José Lemos**
Vendo hoje os resultados desastrados dos estudantes brasileiros nos exames de Matemática e Ciências, principalmente (as agências internacionais não fazem exame de leitura e escrita em Português, porque ai o desastre se completaria), eu dou um mergulho na minha história que é muito parecida com a de todos os que estão na minha faixa etária e que estudaram no Liceu Maranhense.
Ter os filhos estudando naquele Templo era o “sonho de consumo” dos pais das crianças e adolescentes da minha época, porque havia a certeza da excelência. Ali estudavam jovens de todas as faixas de renda. Em geral, os que não conseguiam passar no rigoroso Exame de Admissão para o Liceu é que iam para as escolas particulares.
Os meus Pais também tiveram esse “sonho de consumo” e conseguiram ver os dois filhos frequentarem aquele majestoso prédio cinza construído numa área que era estratégica, de um ponto de vista de Educação, na nossa São Luis. Naquela Catedral do Conhecimento eu fiquei por sete (7) anos da minha adolescência (4 de Ginásio e 3 de Cientifico). Ali vivenciei alguns dos melhores momentos daquela fase de minha vida.
Os professores eram acatados e respeitados. A sua autoridade em sala de aula não tinha qualquer questionamento. Todos os meus professores no Liceu me foram fundamentais. Mas havia alguns que marcaram mais, por causa das minhas preferências já definidas naquela época. Eu já gostava de estudar Matemática. No Liceu, eu tive bons professores dessa matéria. Havia dois a quem eu presto as minhas maiores reverencias: Ivaldes Fernandes e Sued. Mas eu não posso deixar de citar a Professora Maria de Jesus Carvalho, que lecionava Geografia, e o Professor Floriano, de História.

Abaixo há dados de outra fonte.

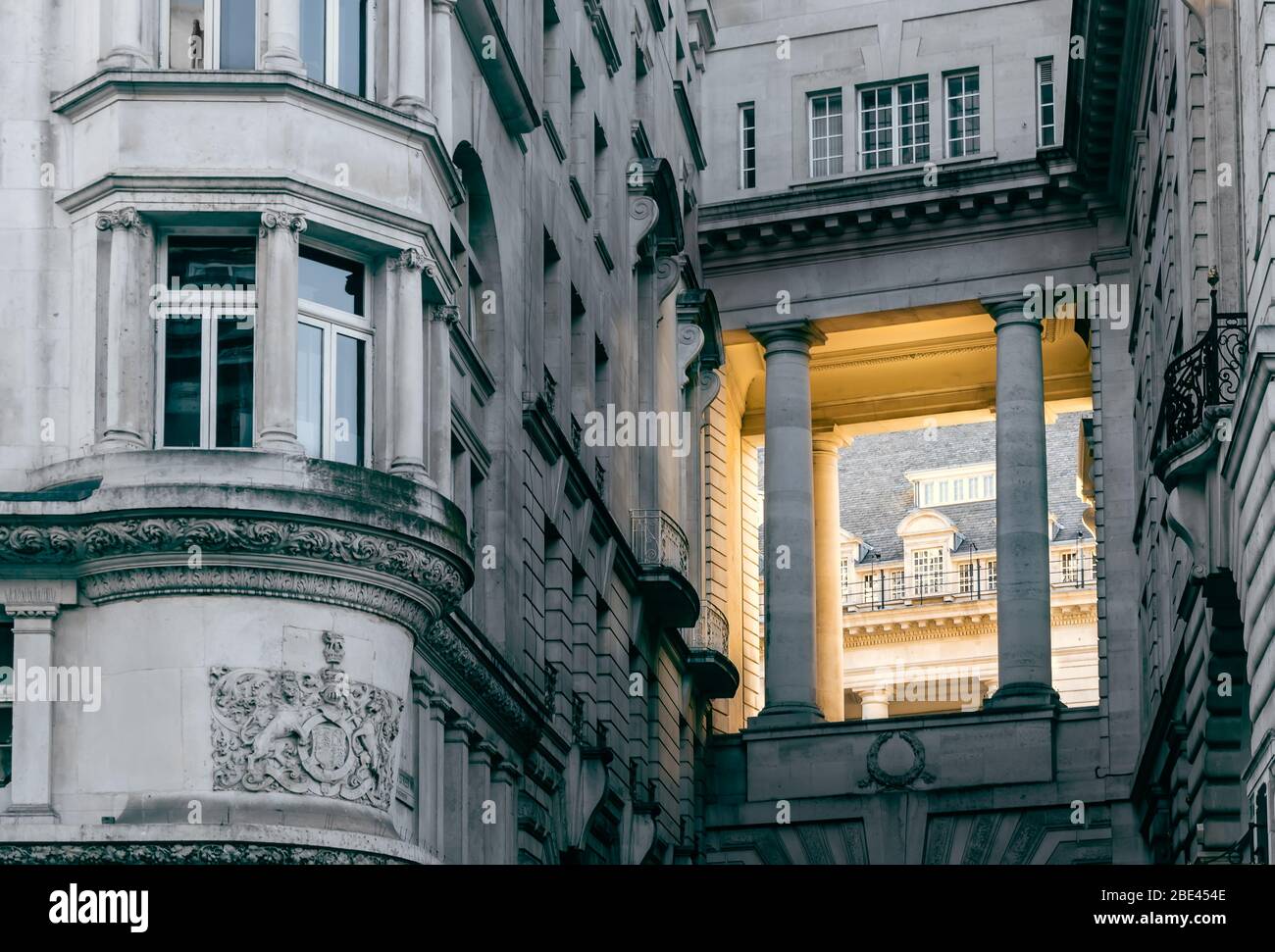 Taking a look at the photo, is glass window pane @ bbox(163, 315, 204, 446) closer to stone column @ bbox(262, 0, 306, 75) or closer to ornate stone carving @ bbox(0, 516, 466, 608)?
ornate stone carving @ bbox(0, 516, 466, 608)

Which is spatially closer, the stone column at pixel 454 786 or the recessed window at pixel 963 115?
the stone column at pixel 454 786

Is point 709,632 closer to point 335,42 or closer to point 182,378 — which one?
point 335,42

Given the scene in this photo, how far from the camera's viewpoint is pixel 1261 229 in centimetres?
3281

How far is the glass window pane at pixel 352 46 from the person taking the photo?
1383 inches

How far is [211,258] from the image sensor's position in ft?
108

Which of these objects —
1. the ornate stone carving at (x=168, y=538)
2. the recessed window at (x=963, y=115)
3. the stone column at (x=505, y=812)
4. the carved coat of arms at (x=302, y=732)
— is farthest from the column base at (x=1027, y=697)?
the ornate stone carving at (x=168, y=538)

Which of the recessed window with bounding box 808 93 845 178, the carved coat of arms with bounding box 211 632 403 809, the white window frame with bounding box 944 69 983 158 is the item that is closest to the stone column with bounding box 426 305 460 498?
the carved coat of arms with bounding box 211 632 403 809

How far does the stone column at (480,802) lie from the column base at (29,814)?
10455 mm

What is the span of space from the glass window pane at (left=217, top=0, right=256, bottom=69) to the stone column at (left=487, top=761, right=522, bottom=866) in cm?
1272

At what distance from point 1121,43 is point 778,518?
2059 cm

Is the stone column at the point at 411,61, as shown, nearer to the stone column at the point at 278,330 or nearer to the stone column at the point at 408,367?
the stone column at the point at 408,367

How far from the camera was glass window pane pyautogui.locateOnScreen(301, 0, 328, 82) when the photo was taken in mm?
34625

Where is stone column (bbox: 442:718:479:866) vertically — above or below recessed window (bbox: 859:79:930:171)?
below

Comecei a gostar de estudar Inglês no Liceu. Foi a partir dali que eu busquei me aprimorar e tomar coragem para convencer os meus pais a sacrificarem parte do nosso raquítico orçamento para eu estudar no IBEU. As aulas de inglês no Liceu e no IBEU eu complementava ouvindo rádios como BBC de Londres, a americana Voz da América, e ouvindo cantores e bandas que fizeram a minha cabeça. Muito garoto, mas eu já sonhava ganhar o mundo. Ou ser ganho por ele. Sei lá!
No curso Pré-Vestibular, eu tive um Professor de Matemática que era médico, mas era “fera” na matéria: Professor Afonso do Amaral. Com ele, eu avancei muito no aprendizado de trigonometria e geometria analítica. O livro que usávamos como base era o do Jairo Bezerra. A minha Turma de Liceu era toda constituída de gente que tinha alguns gostos em comum. Gostar de estudar era uma das nossas convergências. Mas gostávamos de jogar as nossas “peladas” na quadra do Liceu, e de “aprontar” fora das limitações do nosso Templo que era sagrado. Nada de pichações.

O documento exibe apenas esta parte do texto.